Sorry "Shadow" has been taken and for the same reason![emoji]128515[/emoji]


----------



## 416bigbore (Jan 28, 2017)

mfreel said:


> I figured there'd be some creative names that are "smoking" related.  Here's a few we've thought of.
> 
> Bacon
> 
> ...


If he doesn't have four legs,it really doesn't matter what you call him!


----------



## mosparky (Jan 28, 2017)

Basa...short for keilbasa.


----------



## daveomak (Jan 28, 2017)

"CAT"....  someone sang a song about that dog's name...


----------



## gr0uch0 (Jan 28, 2017)

"Don't call that dog 'Lifesaver'.  Call him '$hithead'"

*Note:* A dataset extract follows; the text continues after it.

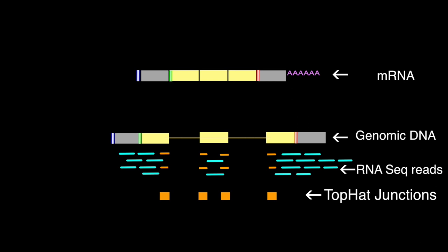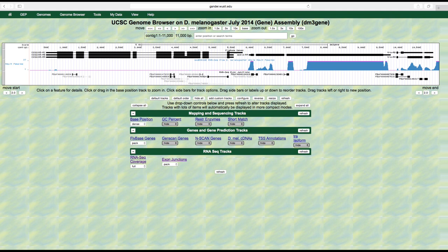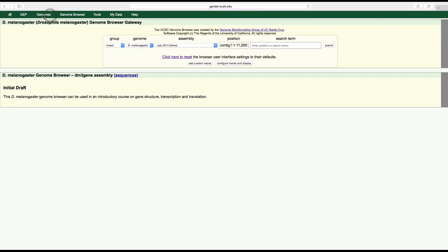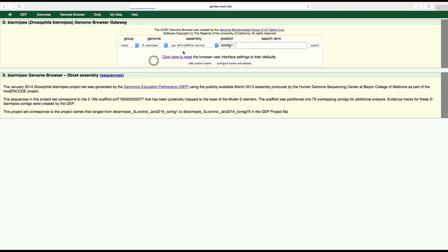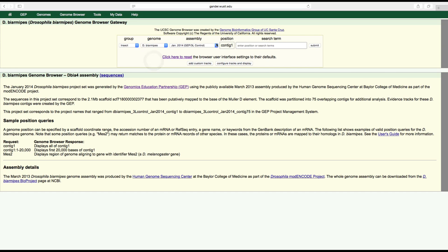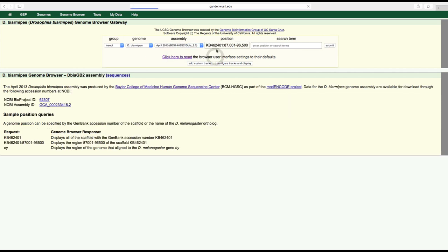Click on the genomes link on the main menu bar to return to the genome browser gateway page. Change the genome field to D. biarmipes, the assembly field to April 2013 BCM-HGSC Dbia_2.0, enter tra-pa into the search term field, and then click submit.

"The Jerk" with Steve Martin.


----------



## disco (Jan 28, 2017)

I would go with Bratwurst. Brat for short!

Disco


----------



## xray (Jan 28, 2017)

I have a GSP named Maverick...but not after the wireless thermometers.


----------



## 416bigbore (Jan 29, 2017)

How about Blue? Like in my Old Hound Dog named Blue, as in OTBS ! 
	

	
	
		
		



		
		
	


	





  
	

	
	
		
		



		
		
	


	





Or maybe Hot, as in short for Hotdog!


----------



## tardissmoker (Jan 29, 2017)

Or "Riley", as in the life of...Eat, sleep, drink, play. What a life! Wait, I'm retired, that's me. OK I'm changing my name. Be back soon.


----------



## gmc2003 (Jan 30, 2017)

My dog's name is skidmark because of a brown swath of fur running down the side of arse. 

chris


----------



## 416bigbore (Jan 30, 2017)

gmc2003 said:


> My dog's name is skidmark because of a brown swath of fur running down the side of arse.
> 
> chris


Chris tell me this isn't your lap dog and he stays outside!


----------



## a075923 (Jan 30, 2017)

Gator


----------



## mowin (Jan 30, 2017)

Spud.


----------



## tardissmoker (Feb 3, 2017)

"Riley" now taken too. In memorium. Sad day!


----------



## tonnysuccar (Sep 16, 2020)

Here are some good names for dog...I have a German Shepard. His name is benji...He is fully groomed and very healthy dog..

Ace.
Apollo.
*Bailey*.
Bandit.
Baxter.
*Bear*.
Beau.
Benji.


----------



## daspyknows (Sep 16, 2020)

Hot, Oscar, Nathan


----------



## SlickRockStones (Sep 16, 2020)

How about Sparky or Rub?  My dogs name is Ringo which is actually smoking related but in a totally different context.


----------



## noboundaries (Sep 16, 2020)

Old thread, but fun.

Chop
Steakly
Burger
Hambone
Tbone
Briney
Probee
Thermo


----------